That is why i said that i thought the bolt technique was outdated. It is indeed a way to do it, But if you have the adjustable mandrel, Or if you are somewhat handy, you could use the HF punch set and a jacobs chuck or even just the punch set and a scroll chuck. There are ways to do closed end that are very simple. Almost as simple as doing a factory pen.  

I started with the shaved bolt technique. I used it once or twice, and then learned this way. It is super simple, needs no special gear, and is safe and fun. I will stick with this technique until something better comes up. A "between centers" bushing for it might be REALLY slick!!


----------



## wolftat (Jan 5, 2010)

I see what you're doing Mick and I think it's great, they look fantastic. Any new idea is going to meet opposition in the beginning, keep building on it. I'm looking forward to seeing the rockers when you get them done.


----------



## Glass Scratcher (Jan 5, 2010)

I like it!  It brings a bit of class by having a contrasting color.  Kinda reminds me of those bigboys Mont B...


----------



## its_virgil (Jan 5, 2010)

Whatever it is finally called it is a nice pen. I actually like the black plug in the end of the blue one. And, a very clever idea. ...very clever. Ane yes, cats have been skinned in several different ways and the end product is always a skinned cat...or in this case a closed end pen.
Do a good turn daily!
Don



mickr said:


> appreciate everyone's imput..The post seems to have taken a turn, but it was a good turn..I was attempting to say a closed end pen could be made in a "new way" than had been shown on this forum..that anyone could make one on a 7mm mandrel..no homemade mandrel.. and not like in Woodturning Design Magazine a couple years ago...I had never seen it done this way & I wanted to "pass a new SIMPLE concept on" I attempted to show a classic closed end (the brown, made on a closed end mandrel, with an inlay in the end to match the cap end) vs. (what we could call) a "plugged closed end"(the blue one)  If one held both in their hands, one could not determine which was which.SO, the method to get there was a "new" method & quite valid... I hope this helps people who just want to make a few closed end pens and not have to invest in closed end mandrels, or homemade wood ones with o-rings, etc...there's many way to skin a cat and this just seemed a new concept on how to do it


----------



## its_virgil (Jan 5, 2010)

I've done demonstrations on closed end pens at both symposiums and at club meetings. The techniques I cover in these demos can be found at http://www.RedRiverPens.com/articles   There are two articles, part one and part two. I always make the pen using the alternative method I show using just a 7mm mandrel, a bushing for the kit I'm making and blue painters tape. Take a look....
Do a good turn daily!
Don


----------



## DozerMite (Jan 5, 2010)

RAdams said:


> Actually, I learned this technique from here. Don (AKA ItsVirgil (i think)) has it on his website. redriverpens or something similar. I think that is where i learned it anyway.
> 
> That is why i said that i thought the bolt technique was outdated. It is indeed a way to do it, But if you have the adjustable mandrel, Or if you are somewhat handy, you could use the HF punch set and a jacobs chuck or even just the punch set and a scroll chuck. There are ways to do closed end that are very simple. Almost as simple as doing a factory pen.
> 
> I started with the shaved bolt technique. I used it once or twice, and then learned this way. It is super simple, needs no special gear, and is safe and fun. I will stick with this technique until something better comes up. A "between centers" bushing for it might be REALLY slick!!


 


I did one this way and it's important to get the live center in the exact center of the blank or it throws the square end off. Thus giving a lop-sided pen.


----------



## Hosspen (Jan 5, 2010)

Both are very nice! Do you have any pictures of the Shaker Rockers you make? It sounds very interesting.


----------



## mickr (Jan 6, 2010)

Hosspen said:


> Both are very nice! Do you have any pictures of the Shaker Rockers you make? It sounds very interesting.

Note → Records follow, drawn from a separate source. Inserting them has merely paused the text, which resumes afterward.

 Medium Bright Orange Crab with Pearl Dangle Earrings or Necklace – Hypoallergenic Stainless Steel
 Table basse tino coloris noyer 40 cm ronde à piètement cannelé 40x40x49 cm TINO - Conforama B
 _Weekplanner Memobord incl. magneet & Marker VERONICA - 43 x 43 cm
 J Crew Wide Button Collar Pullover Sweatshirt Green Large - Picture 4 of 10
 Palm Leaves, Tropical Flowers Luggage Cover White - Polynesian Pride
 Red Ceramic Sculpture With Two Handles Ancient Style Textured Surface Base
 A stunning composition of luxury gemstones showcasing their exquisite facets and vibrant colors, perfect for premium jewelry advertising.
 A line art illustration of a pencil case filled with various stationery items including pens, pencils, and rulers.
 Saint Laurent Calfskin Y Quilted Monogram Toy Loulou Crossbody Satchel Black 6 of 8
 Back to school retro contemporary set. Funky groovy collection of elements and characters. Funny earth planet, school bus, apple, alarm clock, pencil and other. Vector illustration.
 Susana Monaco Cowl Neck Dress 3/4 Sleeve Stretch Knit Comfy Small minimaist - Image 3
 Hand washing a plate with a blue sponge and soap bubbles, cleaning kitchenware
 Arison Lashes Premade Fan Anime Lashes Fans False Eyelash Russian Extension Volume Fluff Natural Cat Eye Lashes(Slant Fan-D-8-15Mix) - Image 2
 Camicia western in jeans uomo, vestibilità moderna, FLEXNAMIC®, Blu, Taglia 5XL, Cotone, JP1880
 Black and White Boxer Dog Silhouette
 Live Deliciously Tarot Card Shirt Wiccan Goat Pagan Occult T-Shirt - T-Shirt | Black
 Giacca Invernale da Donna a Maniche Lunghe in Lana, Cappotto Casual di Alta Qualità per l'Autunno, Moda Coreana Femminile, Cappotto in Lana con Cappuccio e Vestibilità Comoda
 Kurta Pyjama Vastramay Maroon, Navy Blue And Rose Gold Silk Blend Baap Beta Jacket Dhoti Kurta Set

  At present, I believe there may be one or two shots of my chairs in my gallery here at IAP..


----------



## mickr (Jan 6, 2010)

wolftat said:


> I see what you're doing Mick and I think it's great, they look fantastic. Any new idea is going to meet opposition in the beginning, keep building on it. I'm looking forward to seeing the rockers when you get them done.


  Thanks for your imput, and yes I am jealous your voices won't talk to me!


----------



## arioux (Jan 9, 2010)

Hi,

Great pen and great idea. Thanks for sharing.

For those intrrested,  Russ Fairfield (my all time mentor!) have on his site a way of doing a closed end with a 7 mm mandrel.   Look at his long line pen .  The concept can be applied to any pen model as far as i'm concern.  I use it for my dip pen as well.

http://www.woodturnerruss.com/Pen10.html

Alfred


----------



## KDM (Mar 29, 2010)

I think this is a closed end pen. Made on a 7mm mandrel BEFORE inserting the brass tubes. 7mm is a nice tight fit in a 7mm hole. I have a 6.5mm mandrel which I use if I'm turning after the tubes are in place.

I happened across your thread when I was looking for how to do closed end pens and I didn't find what I was looing for. mickr, don't get me wrong - the pens are lovely and I really like the idea of the white (contrasting) plug, but I don't see the difference between your pens and pens that are drilled all the way through and plugged with a piece of brass.

For me a closed end pen is one where the end has never been opened! Maybe this is one for the terminology nerds to sort out? Heh heh.

Having said that, I'm off to see what an oak plug looks like in a mahogany turning...!


----------